Bombora Topic Interest Datasets

Explaining Bombora topic interest score datasets.

0. Surge vs Interest?

As a matter of clarification, topic surge as a product is generated from topic interest models. In technical discussions, we'll refer to both the product and the models by the latter, providing a conceptually more meaningful mapping. Bombora's user-facing topic interest scores (and the origin of the data you currently have) are currently generated from a 3rd party topic interest model and service. As mentioned previously, we are also are developing an internal topic interest model.

1. End User Datasets (Overview)

In general, down the topic interest line, there exists primarily three datasets that are consumed by end users (ordering from raw to aggregate):

  1. Firehose (FH): the raw content consumption data, which contains event level resolution. Size is thousands of GBs/week, only a handful of clients actually consume this data. Bombora Data Science team refers to this as the raw event data.

  2. All Domains All Topic (ADAT): an aggregate topic interest score on keys of interest in the Firehose data. Size is tens of GBs/week. Bombora Data Science team refers to this as the topic interest score data.

  3. Master Surge (MS): A filtering and transformation of the ADAT dataset to consider only those topic keys whose scores meet some surge score criteria (explained below). Size is GBs/week. Bombora Data Science team refer to this as surging topic interest score data.

While dataset naming convention might be a little confusing, the simple explanation is that the topic interest model ingests Firehose data, and outputs both the ADAT and MasterSurge.

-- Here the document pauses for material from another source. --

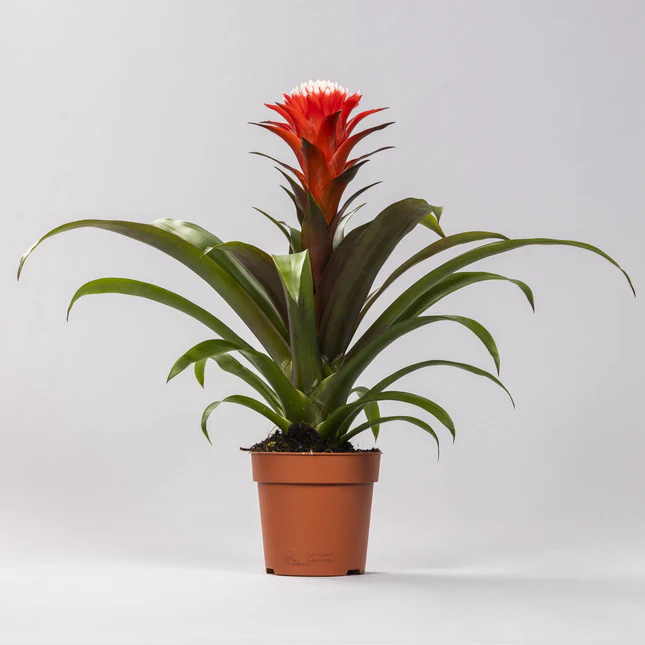 Gusmaania 'Hope' P12/40cm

2. End User Dataset (Details)

As you're interested in the aggregate topic interest score, we'll only consider ADAT and MasterSurge. While similar, each has their own schema. To understand better, we consider representative topic interest result files for both ADAT and MasterSurge that are output from the current topic surge batch jobs for the week starting 2016-07-19:


In [22]:
!ls -lh ../../data/topic-interest-score/


total 3930616
-rw-r--r--  1 nehalecky  staff   1.7G Jul 14 12:30 Input_AllDomainsAllTopics_20150719-reduced.csv.gz
-rw-------  1 nehalecky  staff   173M Aug 10  2015 Output_MasterSurgeFile_20150719.csv.gz

Note the file Input_AllDomainsAllTopics_20150719-reduced.csv is tagged with reduce to indicate it's not the complete record set. This is due to 2GB file limiations with git LFS. The orginal compressed Input_AllDomainsAllTopics_20150719.csv.gz file weighed in at 2.62 GB.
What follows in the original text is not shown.